Naive? HOA Living.
by Doyle Ranstrom on Sep 26, 2021
At the recent Annual Meeting of an HOA to which I belong, another member called me naive. I have been called many things over the years, many of them at the minimum impolite, and often not fit for public discourse. Some have been accurate. For example, I have been a jerk at times, but hopefully, as I have gotten older, I have reduced the frequency. But naive is a first. After this many years, it is always nice to have another first.
Before discussing why this owner felt I was naive, I feel it is important to review the definition of naive. One definition I found was “someone showing a lack of experience, wisdom, or judgment”.
The owner said this because we disagree with a new parking policy implemented by our HOA. It is my understanding a majority of the owners who actually voted on the parking policy voted for it. It is also my understanding that the majority of all owners either voted no or not at all. Not really a ringing endorsement of a policy.

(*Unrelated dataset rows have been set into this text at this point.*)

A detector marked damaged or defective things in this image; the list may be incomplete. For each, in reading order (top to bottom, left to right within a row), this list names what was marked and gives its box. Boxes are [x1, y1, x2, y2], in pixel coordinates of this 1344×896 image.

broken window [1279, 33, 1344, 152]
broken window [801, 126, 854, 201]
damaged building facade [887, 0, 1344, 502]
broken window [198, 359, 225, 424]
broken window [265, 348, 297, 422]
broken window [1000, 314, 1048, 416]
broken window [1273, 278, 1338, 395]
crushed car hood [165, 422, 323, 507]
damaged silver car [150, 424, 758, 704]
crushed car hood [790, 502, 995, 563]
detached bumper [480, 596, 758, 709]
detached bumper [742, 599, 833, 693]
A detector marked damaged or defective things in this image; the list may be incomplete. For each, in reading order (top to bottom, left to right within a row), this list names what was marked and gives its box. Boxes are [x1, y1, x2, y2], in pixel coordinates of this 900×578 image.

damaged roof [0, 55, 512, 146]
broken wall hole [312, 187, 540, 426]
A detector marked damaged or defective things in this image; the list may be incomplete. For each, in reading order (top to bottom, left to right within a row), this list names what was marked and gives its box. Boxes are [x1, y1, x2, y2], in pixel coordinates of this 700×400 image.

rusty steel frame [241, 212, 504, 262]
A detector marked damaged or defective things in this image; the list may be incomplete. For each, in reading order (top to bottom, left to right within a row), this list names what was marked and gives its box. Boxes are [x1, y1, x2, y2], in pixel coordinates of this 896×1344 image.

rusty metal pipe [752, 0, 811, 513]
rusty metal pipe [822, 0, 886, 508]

So, let's look at naive. Did I have experience? Well, in addition to being a long-term owner, I was on the Board and chairperson from the fall of 2015 into the spring of 2020. At the Annual Meeting in 2015, we had a divided HOA on roofing problems and solutions. In the next few years, working with some very talented owners, implemented a roofing project, and now our HOA, instead of having leaking roofs which are both frustrating and a financial drain, we have an almost completed roofing project which in my estimation is one of the reasons why our market values are increased as prospective buyers know they do not have to deal with this issue.
We also established other committees, had town hall meetings, we're financially stable, and yes dealt with parking. It seems to me I have experience and knowledge with our HOA and though the vast majority of owners did not attend the Annual Meeting, the percentage of owners there thought I had no wisdom.

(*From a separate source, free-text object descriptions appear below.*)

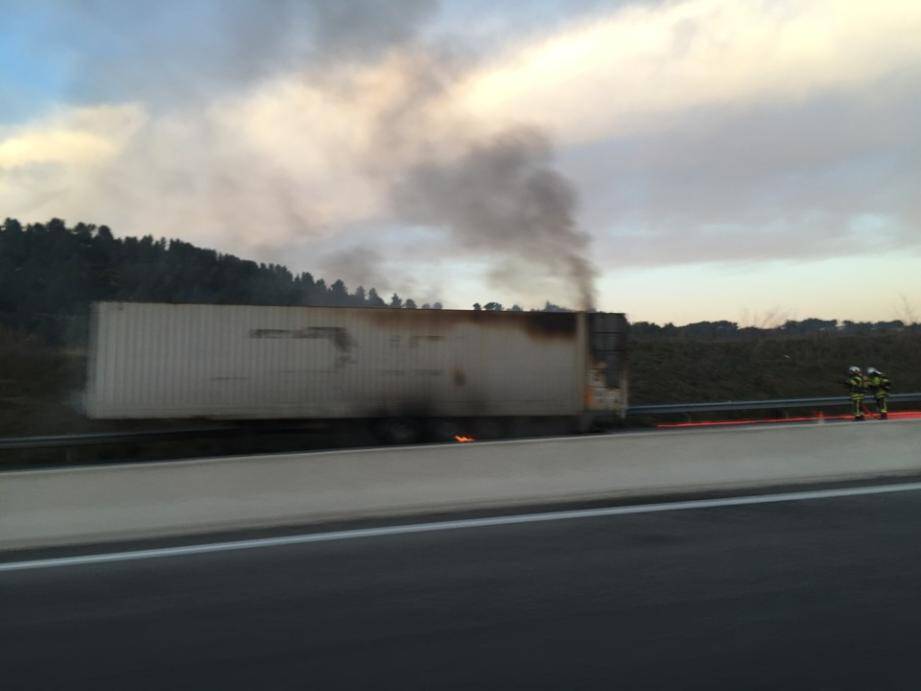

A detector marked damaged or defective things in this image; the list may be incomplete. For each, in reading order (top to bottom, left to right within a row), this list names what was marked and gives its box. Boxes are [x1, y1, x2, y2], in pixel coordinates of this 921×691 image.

scorched trailer wall [84, 302, 624, 430]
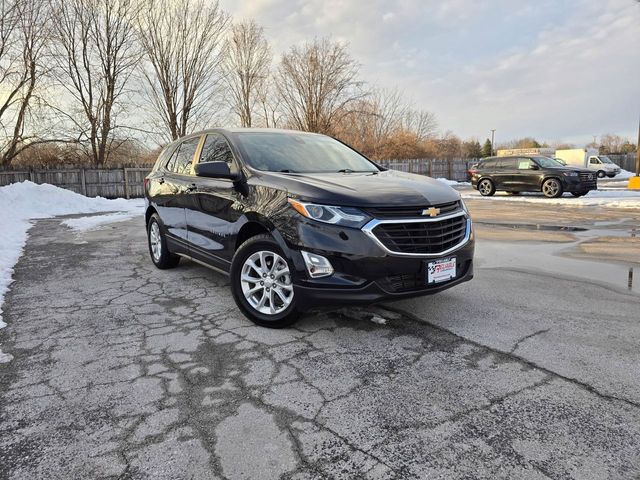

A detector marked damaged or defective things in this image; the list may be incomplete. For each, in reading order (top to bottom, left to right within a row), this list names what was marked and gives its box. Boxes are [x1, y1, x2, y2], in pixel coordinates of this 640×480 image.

cracked asphalt pavement [1, 211, 640, 480]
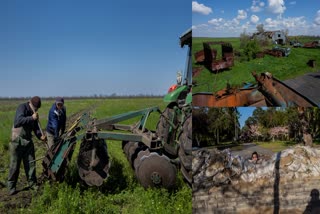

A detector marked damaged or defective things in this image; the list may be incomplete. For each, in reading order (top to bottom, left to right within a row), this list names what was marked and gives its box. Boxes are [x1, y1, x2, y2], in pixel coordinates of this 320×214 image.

burnt vehicle [192, 41, 235, 72]
damaged farm machinery [39, 29, 191, 188]
rusted vehicle wreck [192, 71, 318, 107]
burnt vehicle [192, 72, 318, 108]
damaged farm machinery [194, 71, 318, 107]
rusty metal part [77, 139, 110, 186]
rusty metal part [134, 152, 176, 189]
rusted metal scrap pile [192, 146, 320, 190]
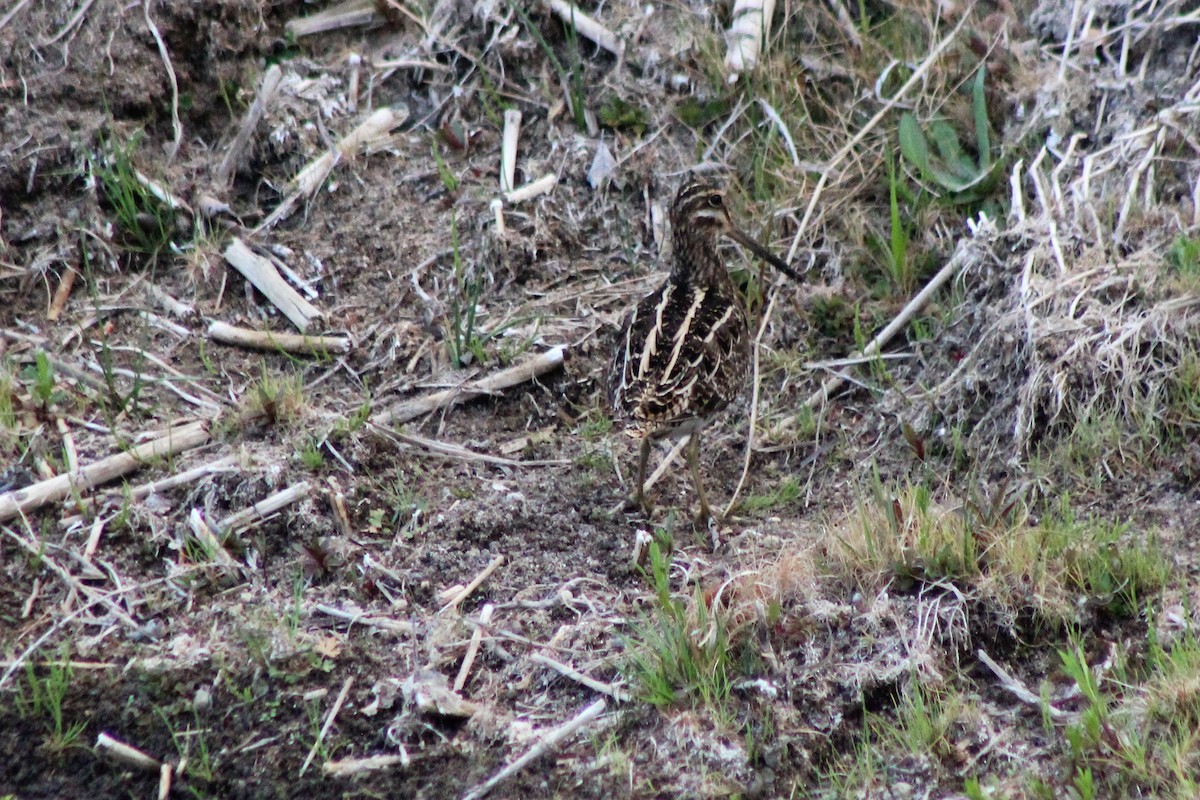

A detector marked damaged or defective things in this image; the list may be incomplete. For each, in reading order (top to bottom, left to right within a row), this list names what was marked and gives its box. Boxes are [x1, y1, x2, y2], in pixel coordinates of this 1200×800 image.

broken stick [210, 319, 350, 357]
broken stick [376, 347, 564, 429]
broken stick [0, 419, 208, 525]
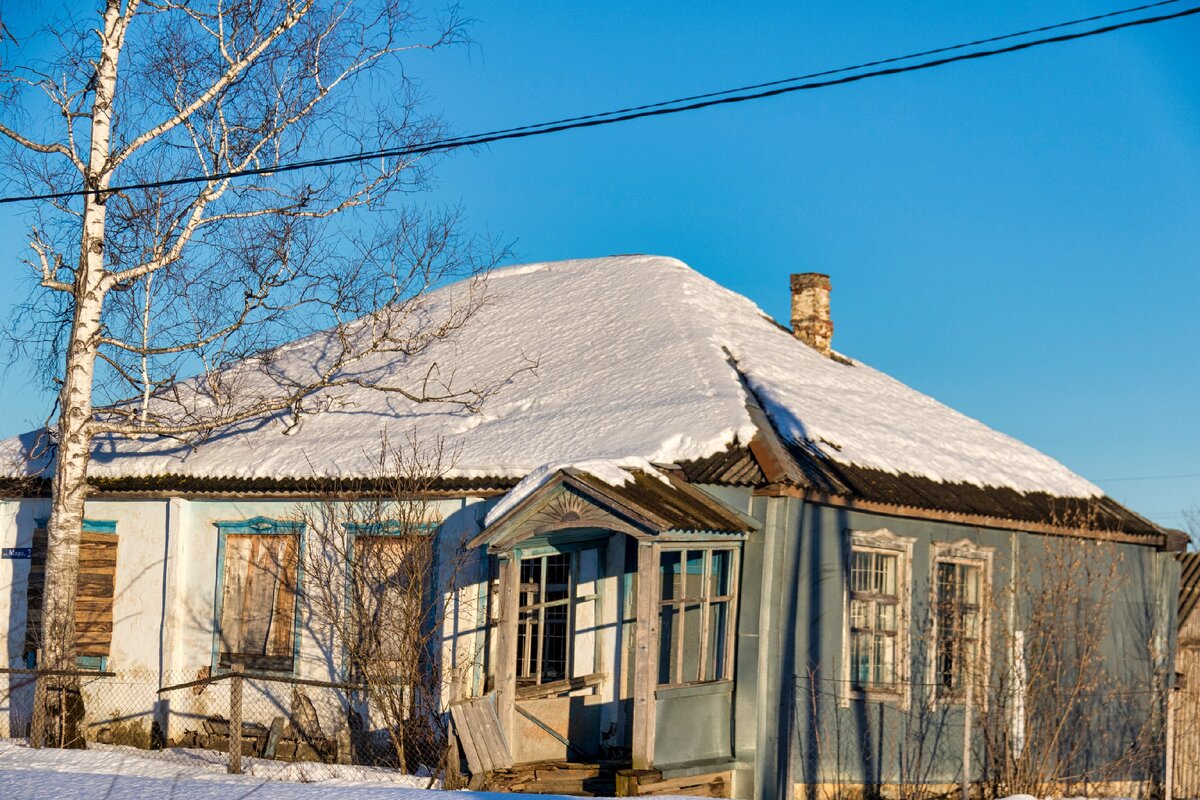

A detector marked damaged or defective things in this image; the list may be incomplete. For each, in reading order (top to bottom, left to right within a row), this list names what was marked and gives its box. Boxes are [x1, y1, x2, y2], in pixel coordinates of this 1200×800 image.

broken window [24, 520, 119, 672]
broken window [217, 520, 302, 672]
broken window [660, 544, 736, 688]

I represented a group of owners who could not attend but felt the governing documents had been violated in both the elections of Board Members at the previous year's Annual Meeting and the new parking policy. The Board confirmed the previous year's elections had violated governing documents and they had recently taken steps to remedy the situation. For the record, I had brought this up at the previous year's Annual Meeting but was then told I was wrong. Maybe I was naive.

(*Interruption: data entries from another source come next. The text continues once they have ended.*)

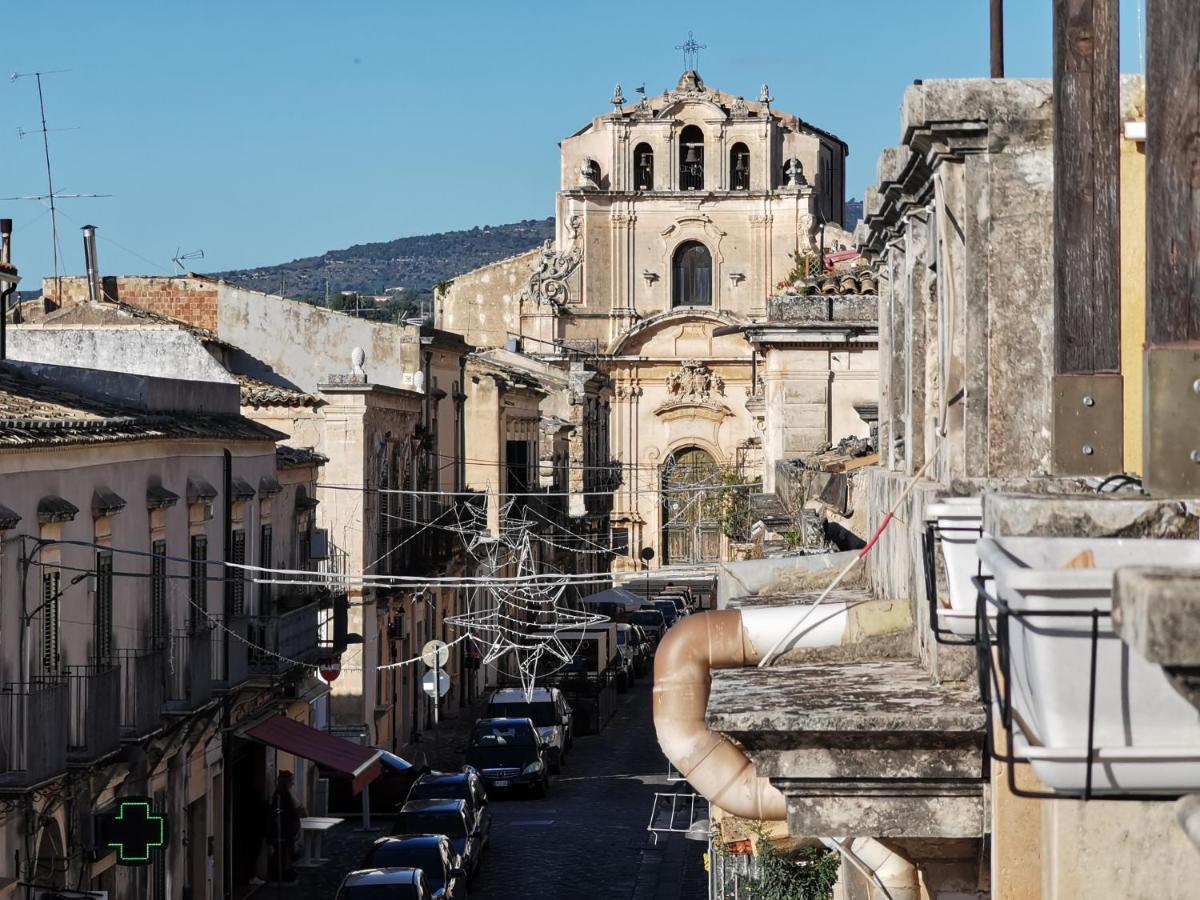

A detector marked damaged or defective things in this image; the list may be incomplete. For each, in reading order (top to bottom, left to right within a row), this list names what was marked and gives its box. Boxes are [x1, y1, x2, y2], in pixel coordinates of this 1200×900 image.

rusty drainpipe [652, 604, 916, 900]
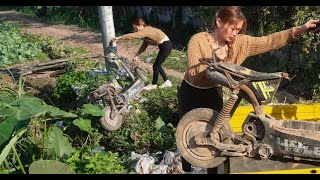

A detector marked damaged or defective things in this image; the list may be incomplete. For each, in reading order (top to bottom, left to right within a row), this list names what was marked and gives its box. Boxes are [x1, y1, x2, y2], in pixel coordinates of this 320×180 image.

damaged motorcycle frame [175, 53, 320, 169]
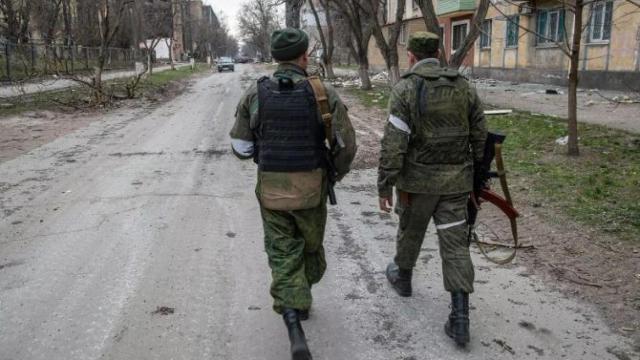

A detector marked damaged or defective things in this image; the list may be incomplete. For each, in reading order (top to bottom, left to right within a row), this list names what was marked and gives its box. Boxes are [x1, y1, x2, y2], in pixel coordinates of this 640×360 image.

broken window [452, 21, 468, 52]
broken window [504, 15, 520, 47]
broken window [536, 8, 564, 44]
broken window [592, 0, 616, 41]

I did not ask if this nullified all actions by the Board the past year because by now, it was very becoming clear I was less than welcome at the Meeting. For the record, I am in favor of a parking policy, but a policy that does not target long-term rental units which I believe this one does and is clearly in compliance with our governing documents. As an aside, several owners told me long-term rentals are the problem and later on I heard the same owners discussing their frustrations with restaurants not being open seven days a week due to staffing problems. Well, if workers cannot find affordable housing and are not welcome in places they live and pay rent, that can contribute to a worker shortage. But then again, I have been told I am naive.
It was interesting. One long-time year-round owner said she had never seen a parking problem on campus and walked the campus every day with her dog. Another seasonal owner said there is a serious problem. Who is correct? Well, maybe both. Our campus, like many resort areas, has limited overflow parking spaces and there can be a problem with parking in certain areas during high use times like major holidays. At the same time, most of the year, there is not a parking problem. A number of owners told me they had expressed similar opinions to the Board and Parking committee, but felt their input was not welcome.
When I become Board Chairperson years ago, the controversy regarding new roofs was related to the increased costs from installing cold roofs rather than other roofing options. Very early on, after a lot of personal research and due diligence, I was convinced a cold roof was the long-term most cost-efficient option for a mountain village like Big Sky. But it was not important what I thought, what was important we made it possible for owners to have a voice and become educated on the options. When it came to voting, the vast majority of all owners voted to approve the project and funding it.
If you can give a community, in this case, an HOA, members of the community who have a financial interest in the outcome, have a feeling of being welcome and being part of the process, even if they disagree, it is possible to have a very favorable outcome.
Maybe that's wisdom, but what do I know, I'm naive.